Even if that [consumers of education are not complaining about a lack of information on quality of education] is true, the data available is saying there are problems. Too many college graduates are not ready for the world of work. A literacy study by the Pew charitable trust released last month for example showed that over 50% of students at 4 year institutions cannot understand a newspaper story or editorial and struggled with basic with basic math like figuring out a 15% tip.
First, I am highly skeptical that 50% of college grads are not capable of understanding a newspaper story. But, for the moment, let’s assume its true – it doesn’t mean that colleges aren’t doing their job, it means we are sending too many people to college (or at the very least primary education is lacking). College is advanced education, it assumes that you already have basic reading comprehension and basic math mastered. The very last thing that we want to do is start asking colleges to retrain students on the basics. After all, we have a problem with American competiveness, we don’t want to take a step backwards now.
Everybody’s in the dark and poor graduation and retention rates are only the tip of a much bigger problem. So Spelling has appointed a commission on the future of higher education. It is headed by a businessman from Houston and long time advocate of standardized tests for colleges, Charles Miller.

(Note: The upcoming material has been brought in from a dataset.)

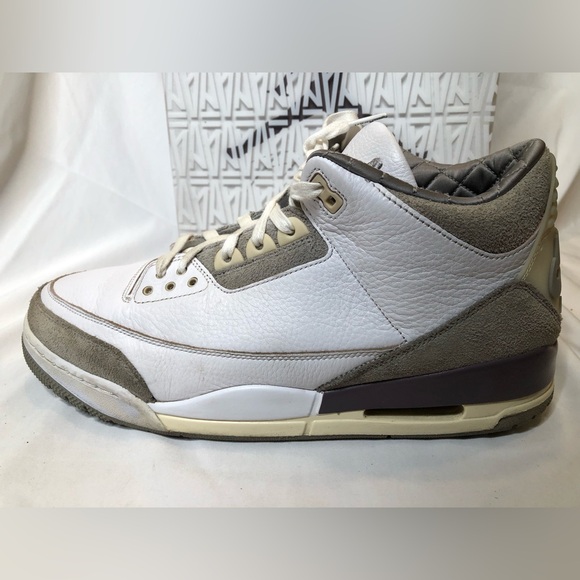 Women’s Jordan 3 Retro SP x A Ma Maniere Raised By Women — Size 14.5W, 13 Men’s - Picture 15 of 16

So they have ensured that the findings of the commission will recommend standardized testing before they have collected a single data point. This should hardly be surprising for anyone that follows governments. Their goal is not to make our lives better; it is to fulfill their own agenda – no more, no less.
Since government is not truly accountable to anyone beware anything that they recommend, dimes to doughnuts it will make things worse than they are now. The US collegiate “industry” is the best in the world, there is no reason to make it any better by government intervention. Even on the off chance that they are right, there is indeed a problem, there is no way to undo their “fix” if it is wrong, there are always vested interests in maintaining the status quo. At least in the market the vested interest is in making more money so they are always trying to out-compete the next guy. If they are wrong then only they lose – when government forces everyone to play by the same rules everyone loses.